Throughout this process we’ve focused on the Upsolver GUI, and you can apply the WHERE filter via the GUI as well.  But if you prefer working directly in SQL or just wish to review the SQL code, now or at any time you can toggle back and forth between the GUI and SQL.  These two views sync in real-time, so regardless of when you toggle you always have the most recent view.  

Apply the filter and click Preview again to filter out all of the null values.  (Note that when you create a WHERE filter in the SQL view, Upsolver displays an auto-complete box that lists all of the field values; click the value you want to complete the filter.)

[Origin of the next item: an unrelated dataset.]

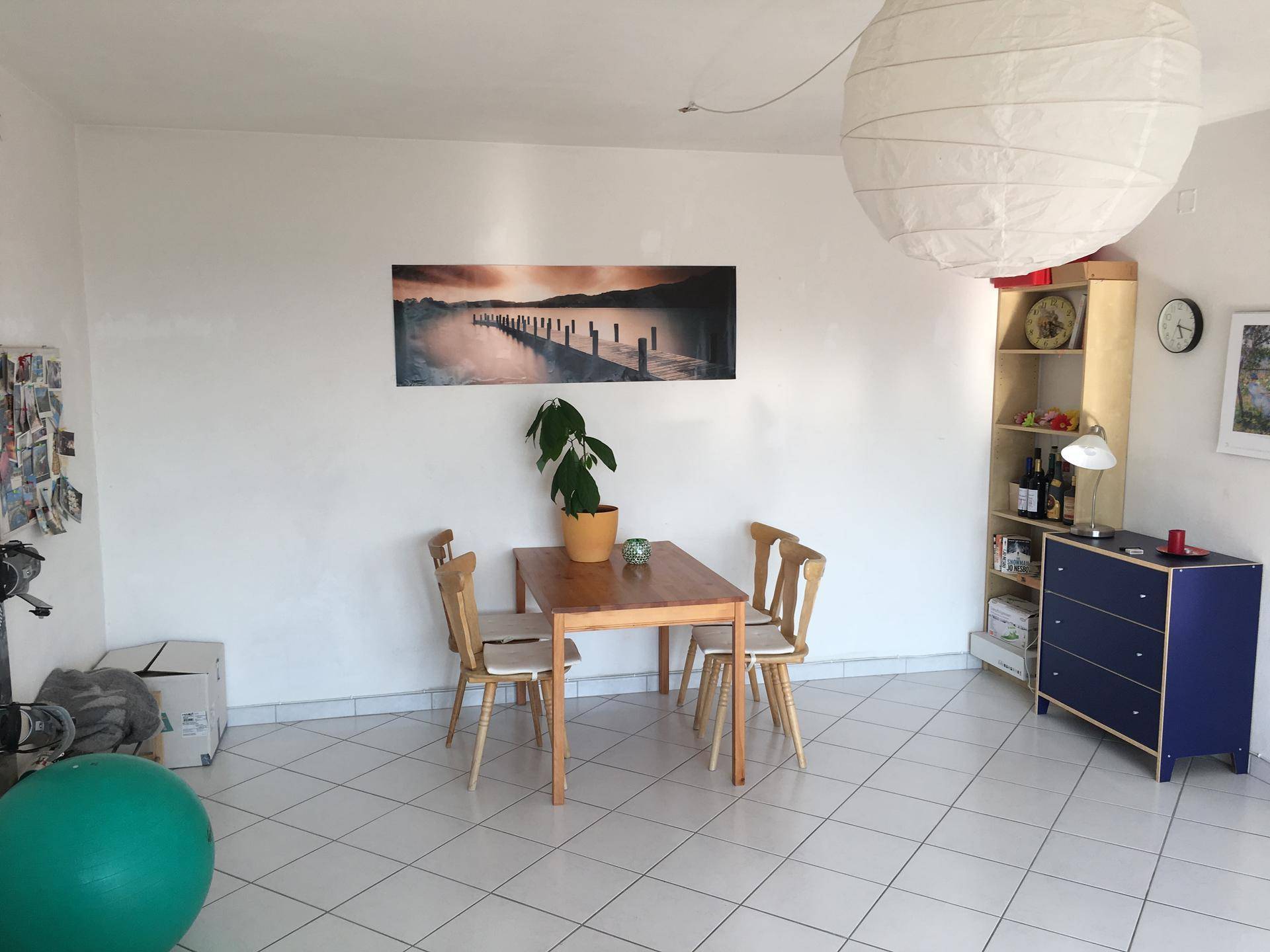 Heller Essbereich mit Holztisch und Stühlen, Teil eines offenen Wohn-Essbereichs mit Fliesenboden.
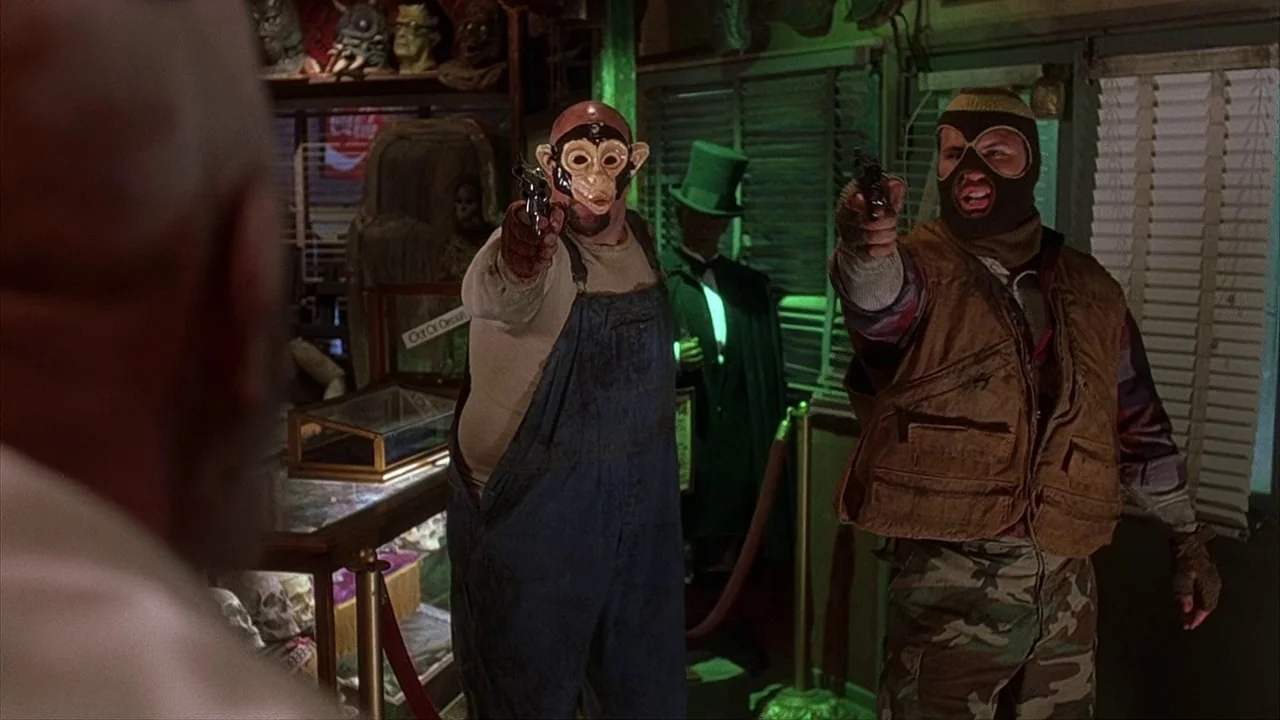 House of 1000 Corpses (2003) movie still: medium — A cluttered shop filled with masks and antiques contains two men holding handguns out. The two…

Now it’s time to deploy your code.  Click Run, enter the parameters when prompted (the storage bucket, the Athena table name, and so on), and click Next.  Specify the date range for the data you wish to query.  Obviously, the wider the date range, the longer before the data is fully available.  For a streaming output, for the Ending At option click Never.  That instructs Upsolver to continually append new data to the table as the data arrives.  Latency typically is ~1 minute.

Click Deploy.  Upsolver automatically creates the Athena table.  Open Athena.  The table you just created displays.  Run the query and view your results.  This query is now available to any of your data practitioners, and it always contains the freshest data. 

What we’ve just illustrated is a very simple example.  But the process applies pretty much regardless of the complexity of your use case, or the number of arrays involved.  Upsolver automatically validates your algorithm.  If the default flattening could create a Cartesian Product, Upsolver displays a warning and gives you tools that enable you to specify relationships between array values.